Der bekann­te Vati­ka­nist Pao­lo Roda­ri, der für die Tages­zei­tung Il Foglio über die katho­li­sche Kir­che berich­tet, ver­öf­fent­lich­te auf sei­ner Inter­net­sei­te einen Kom­men­tar zum unter media­lem Erwar­tungs­druck ste­hen­den Mea cul­pa wegen sexu­el­ler Miß­brauchs­fäl­le durch eini­ge Prie­ster, das Papst Bene­dikt XVI. für die Kir­che aus­spre­chen soll­te.
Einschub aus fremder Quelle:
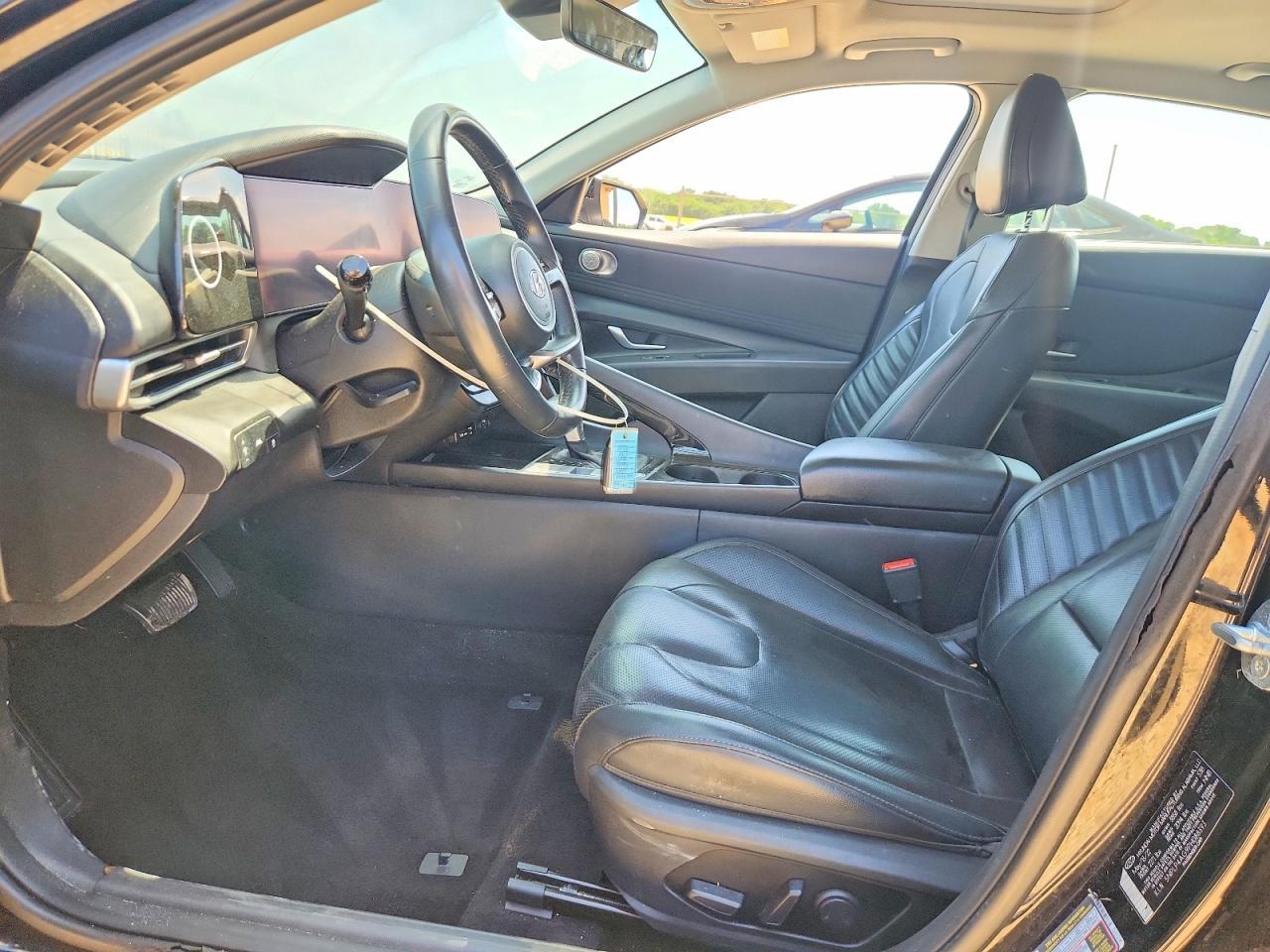 2023 Hyundai Elantra Limited - Фото 7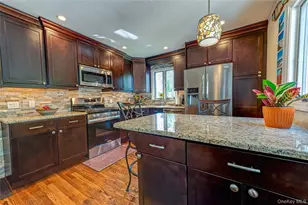 7 Ursular Ct, Smithtown, NY 11787 - Photo 7
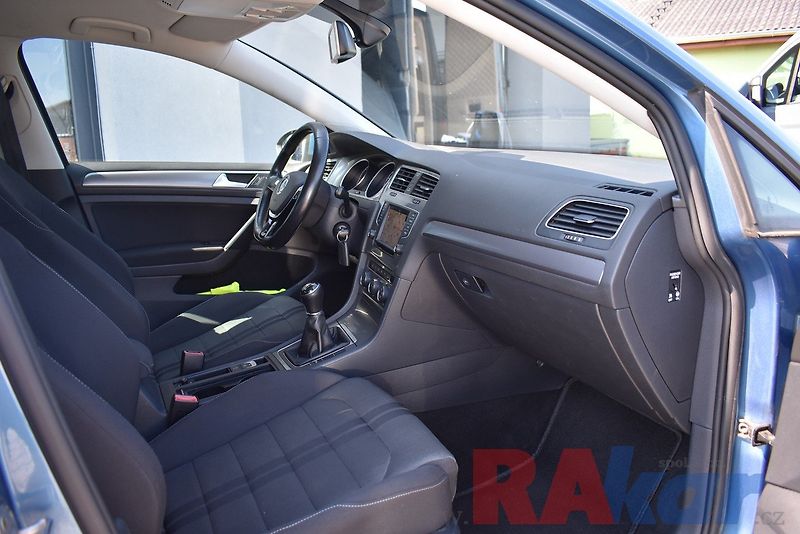 Volkswagen Golf (2015) Comfortline 1,6 TDI - fotka 20 z 41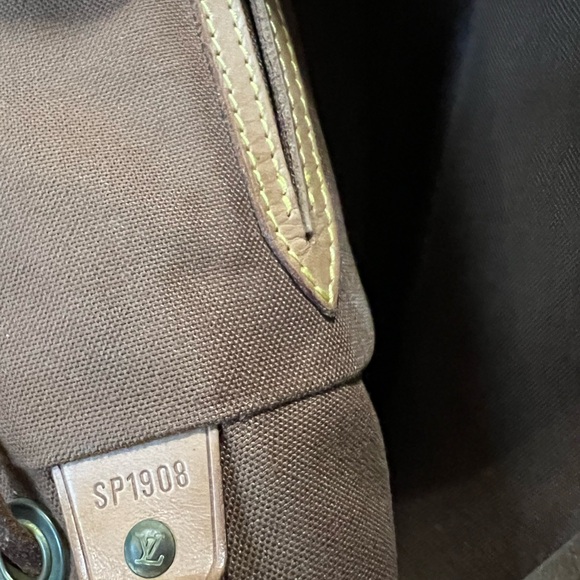 Louis Vuitton Backpack, Montsouris MM Monogram SP1908 - Picture 11 of 12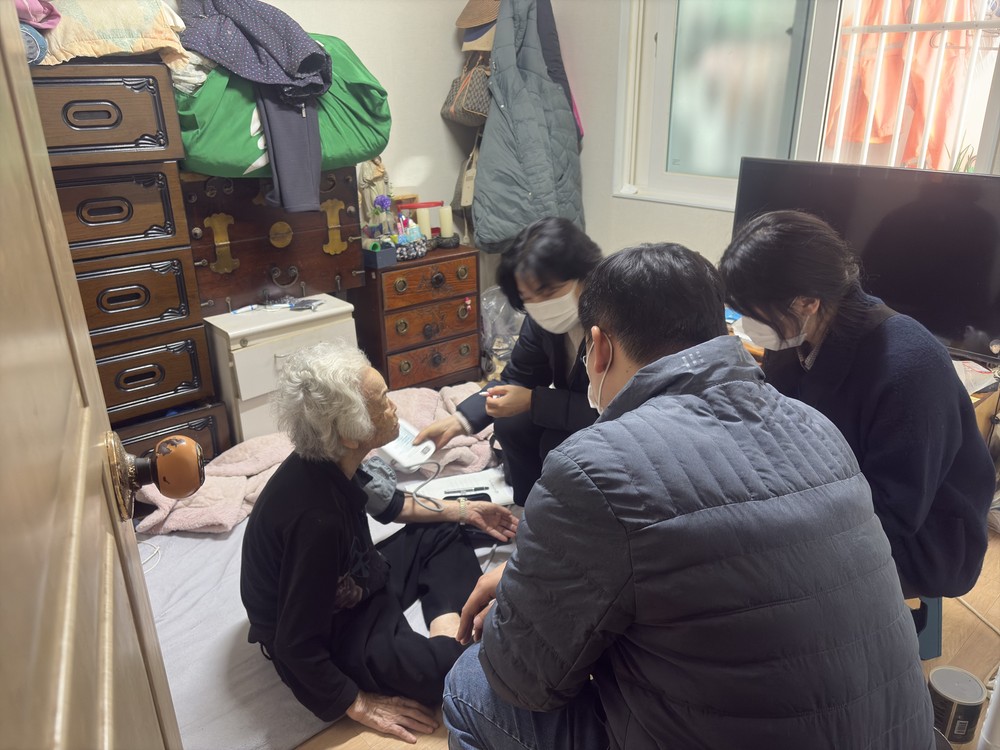 어르신 건강은 집에서 챙긴다 … 마포구, ‘건강장수센터’운영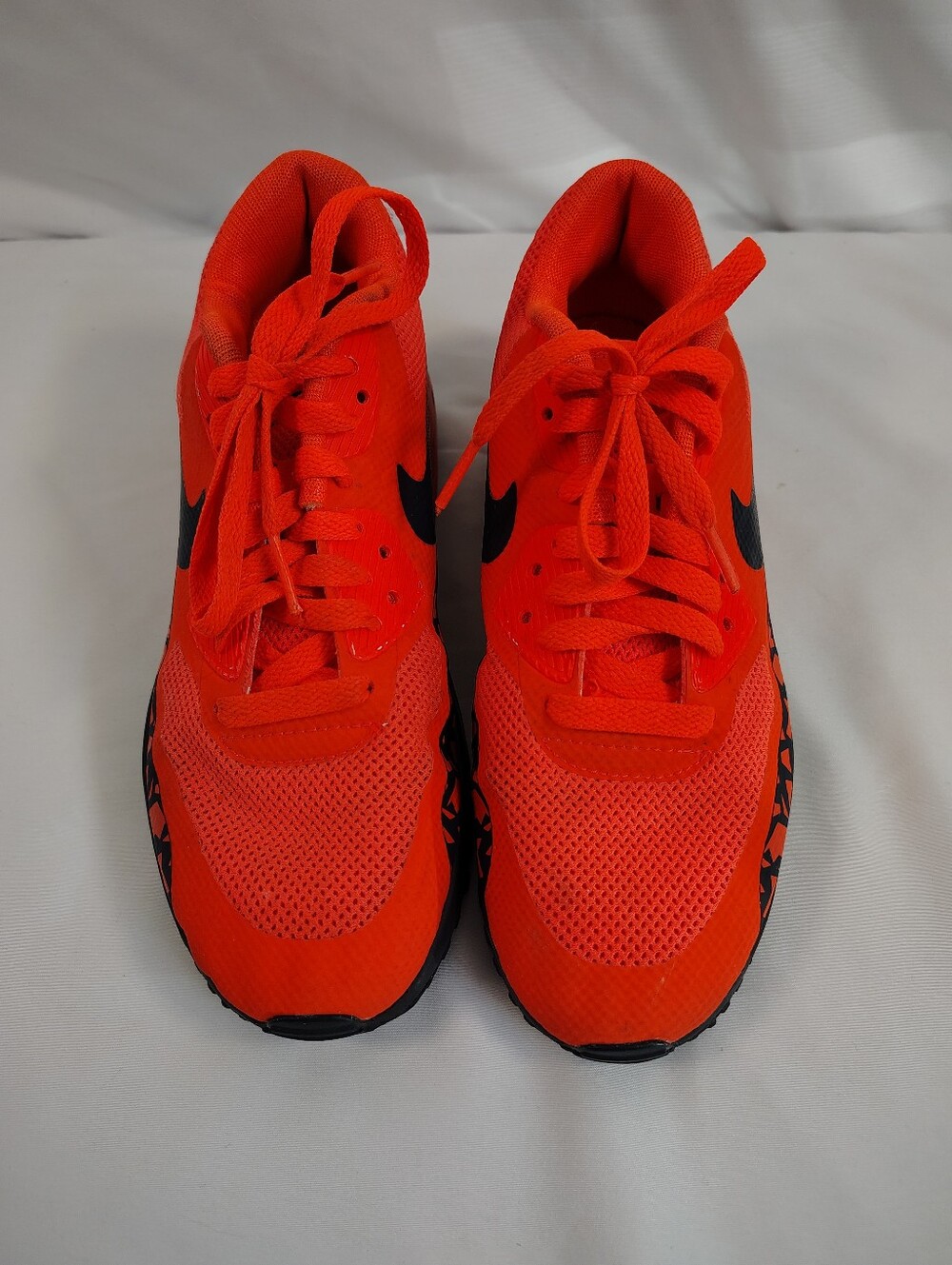 Nike Kids Orange and Black Athletic Sneakers.Size 5.5Y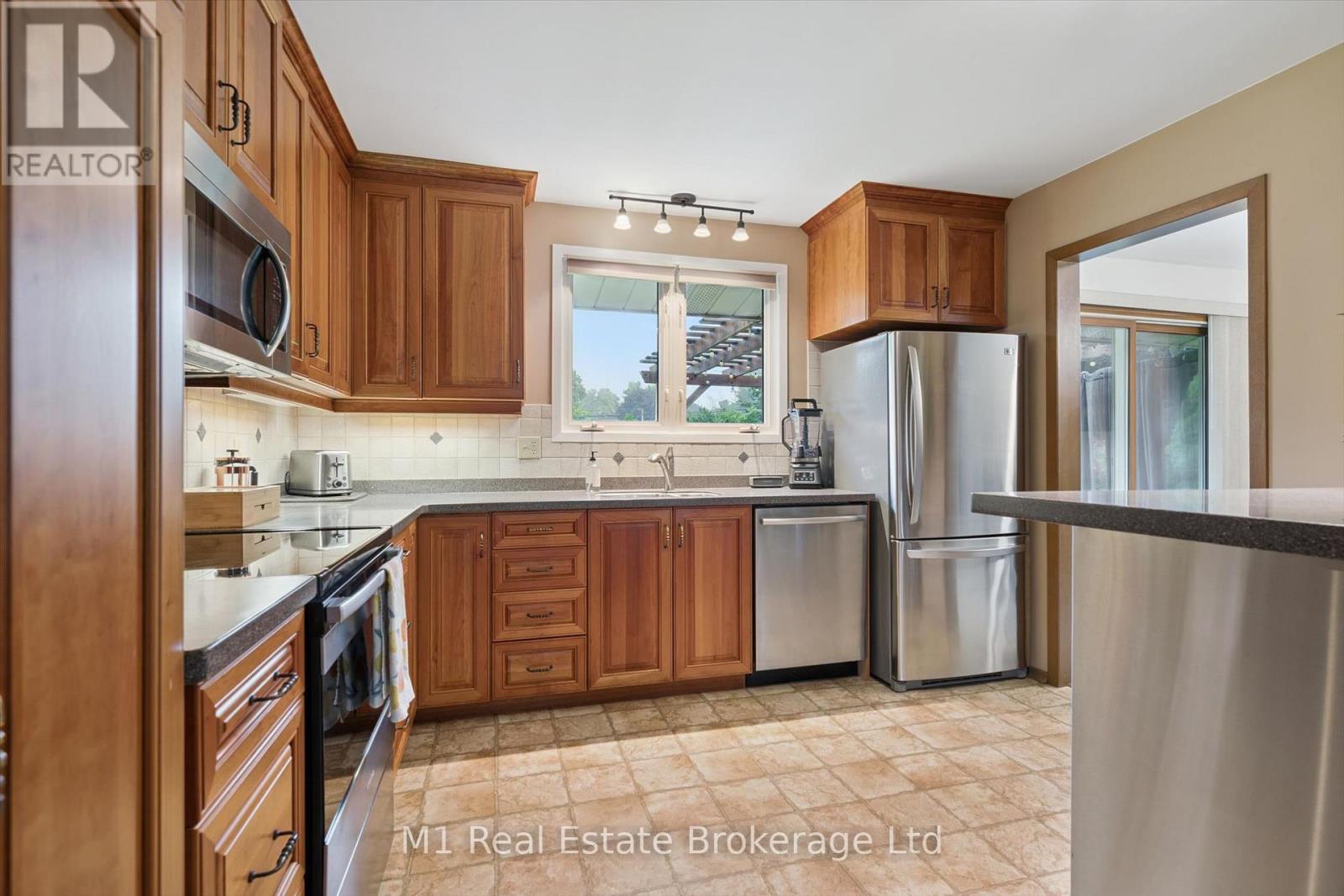 610 St David Street S, Centre Wellington, Ontario  N1M 2L9 - Photo 16 - X13735072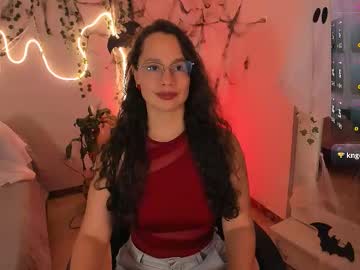 Emmatorres9 Chaturbate stream image from October 29, 2025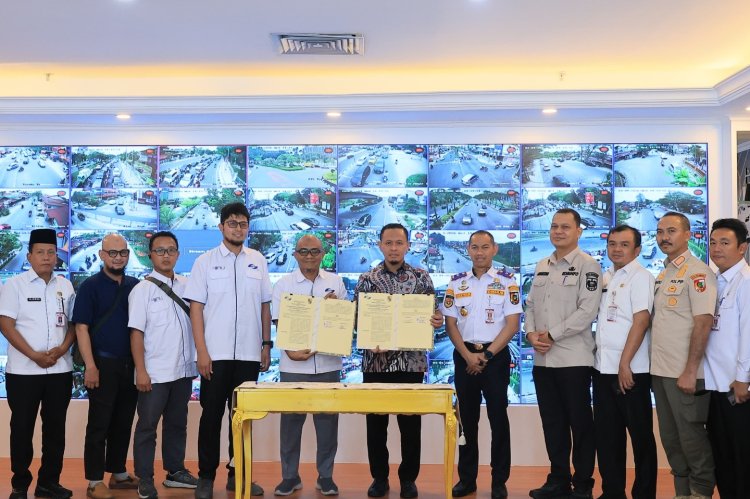 Teken MoU Bersama APJII, 1.000 Titik WiFi Gratis Siap Menyala Di Pekanbaru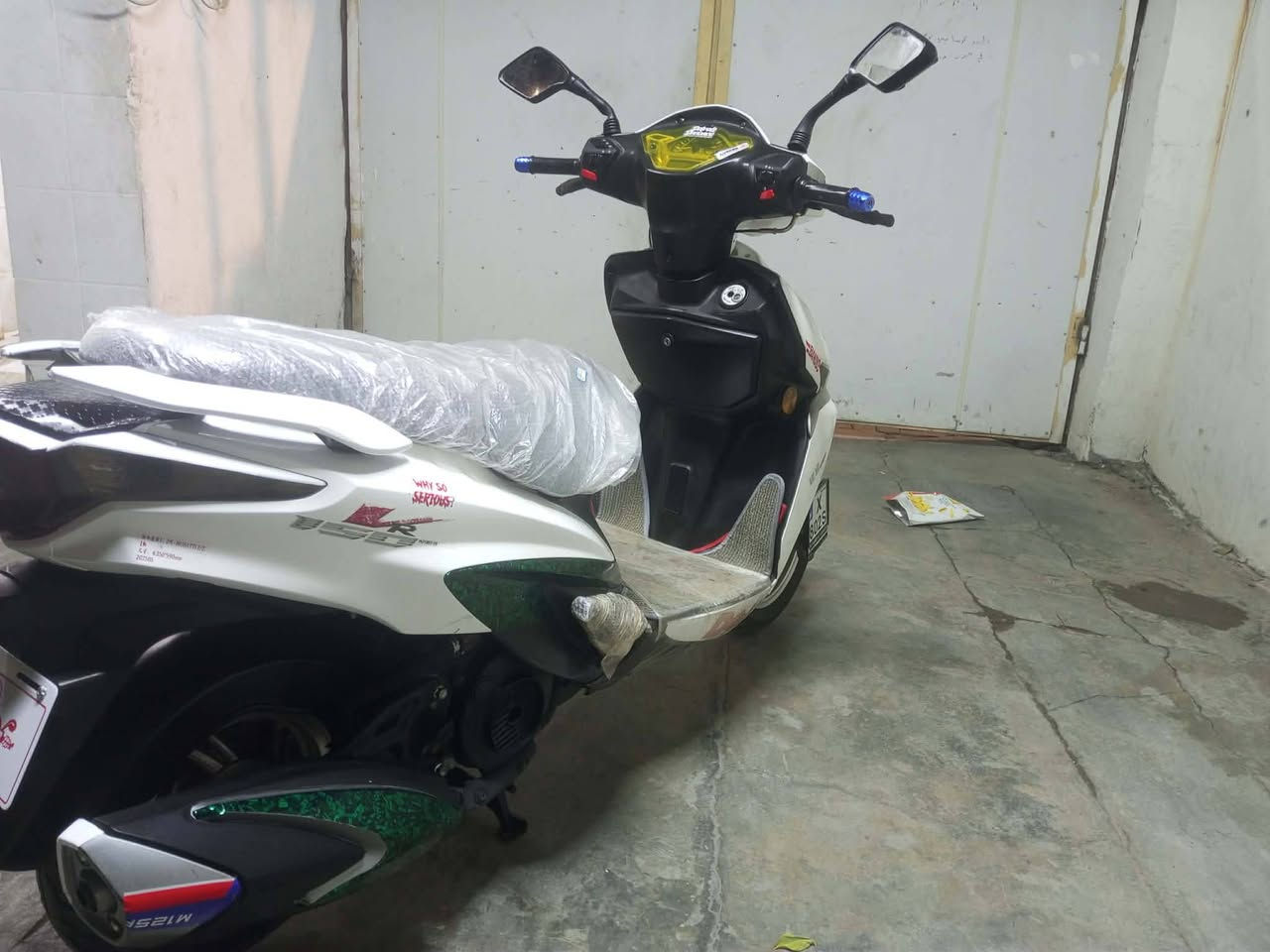 السلام عليكم ورحمة الله وبركاته هاوجي دبابه موديل 17 كشر محرك نضيفه حيل مسجل تحويل ثاني يوم السعر ١٢ ونص بيها مجال شي قليل 
العنوان رمادي شارع البريد مقابل باب البريد ورشة انس القيسي للإستفسار الاتصال با الرقم ***********
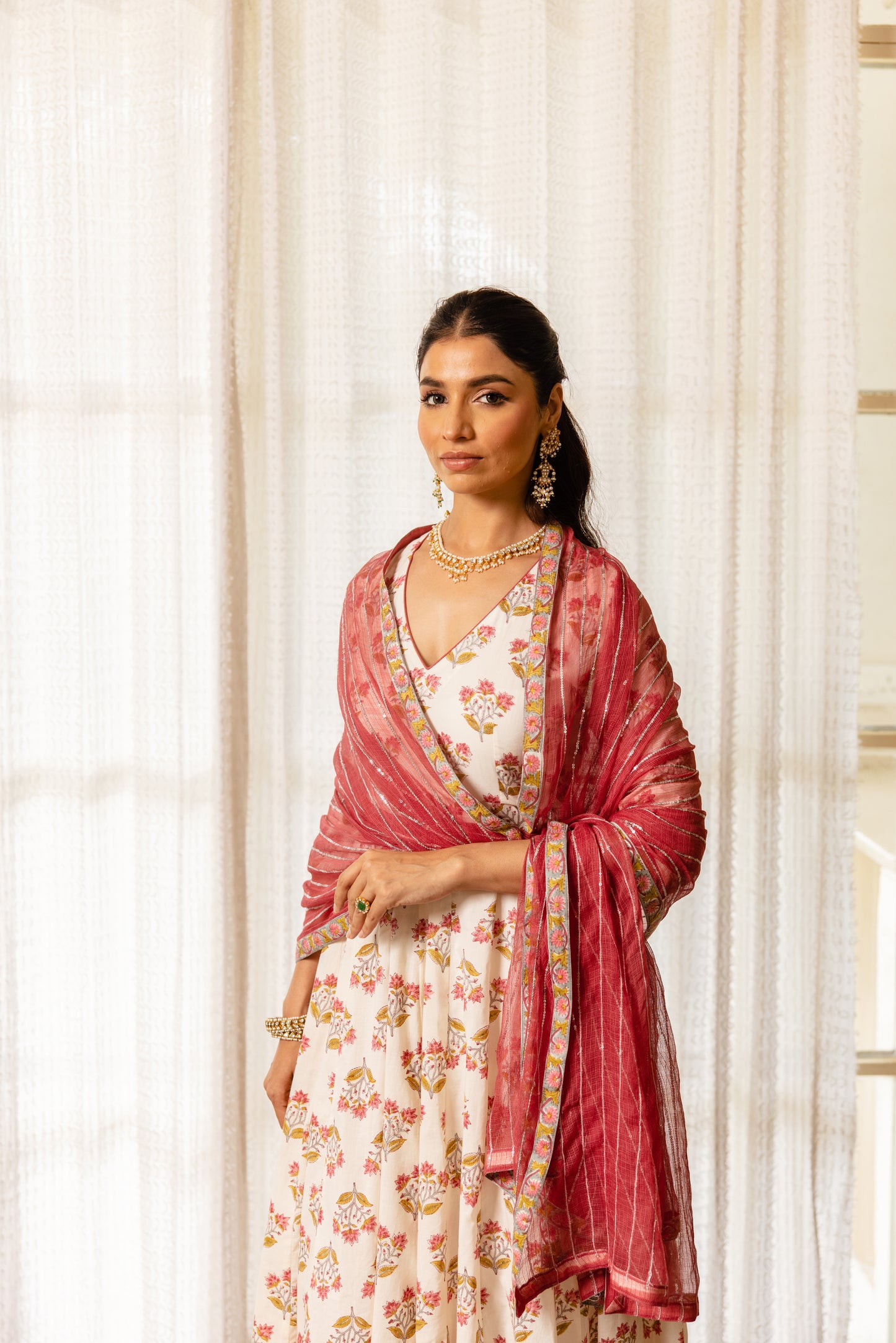 Ivory Rose Sleeved- Buta
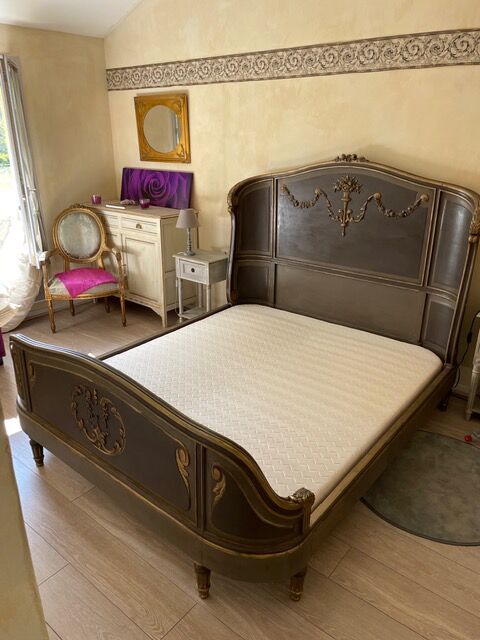 bed in solid walnut patinated Louis XVI style 160X200 cm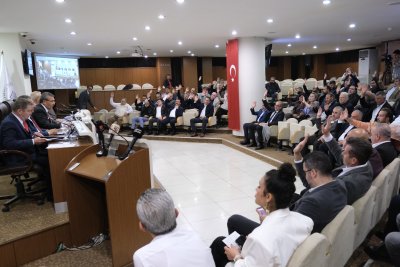 FAİZ İNDİRİMİ TİCARİ KREDİLERE DE YANSITILMALI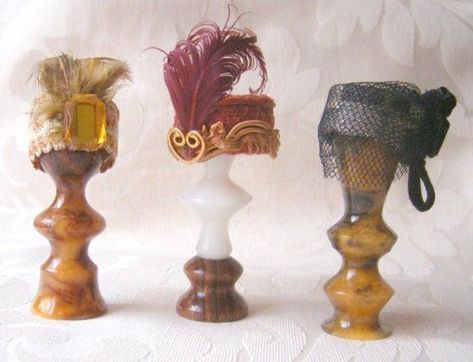 learn to make a 1/12 scale dolls house size dolls hat Miniature Hat Shop, Miniature Hats, Barbie Items, 1920s Hat, Barbie Hat, Mini Hats, Doll Hats, Dollhouse Tutorials, Dollhouse Miniature Tutorials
Die Aus­sa­gen von Kar­di­nal Wil­liam Leva­da, dem Prä­fek­ten der Glau­bens­kon­gre­ga­ti­on vom Diens­tag haben mich erstaunt. In einem Inter­view, das er dem ame­ri­ka­ni­schen Sen­der PBS gab (sie­he voll­stän­di­ges Inter­view), sag­te Msgr. Leva­da, er hal­te es für mög­lich, daß der Papst im Juni zum Abschluß des Prie­ster­jah­res im Zusam­men­hang mit den pädo­phi­len Prie­stern im Namen der Kir­che einen Akt der Reue setzt. „Ich bin kein guter Pro­phet“, sag­te Kar­di­nal Leva­da. „Der Papst ist der Papst und ich bin der Lei­ter die­ser Kon­gre­ga­ti­on. Ich sage ihm alles, was ich mache, er sagt mir aber nicht alles, was er vor­hat. Des­halb gilt es abzu­war­ten, aber es wür­de mich nicht ver­wun­dern.“

Leva­da ist sicher bes­ser infor­miert als ich, wenn er also sagt, es ist mög­lich, daß der Papst ein Mea cupa für die pädo­phi­len Prie­ster aus­spricht, muß man ihm glau­ben. Den­noch erscheint mir die Sache sehr unwahr­schein­lich. Bene­dikt XVI. scheint mir nicht ein Papst der Mea Cul­pa zu sein. Und zudem ver­ste­he ich nicht: reicht nicht der Brief an die Katho­li­ken Irlands? Reicht nicht die Ver­öf­fent­li­chung des Doku­ments von 2003, das die seit eini­gen Jah­ren gel­ten­den Vor­ge­hens­wei­sen der katho­li­schen Kir­che bei sexu­el­len Miß­brauchs­fäl­len zusam­men­faßt?

Als ein­fa­cher Beob­ach­ter der vati­ka­ni­schen Ange­le­gen­hei­ten sage ich, daß die Gefahr besteht, daß nie nichts reicht. Und je mehr der Papst sagt, desto mehr wird man von ihm an wei­te­ren Erklä­run­gen ver­lan­gen.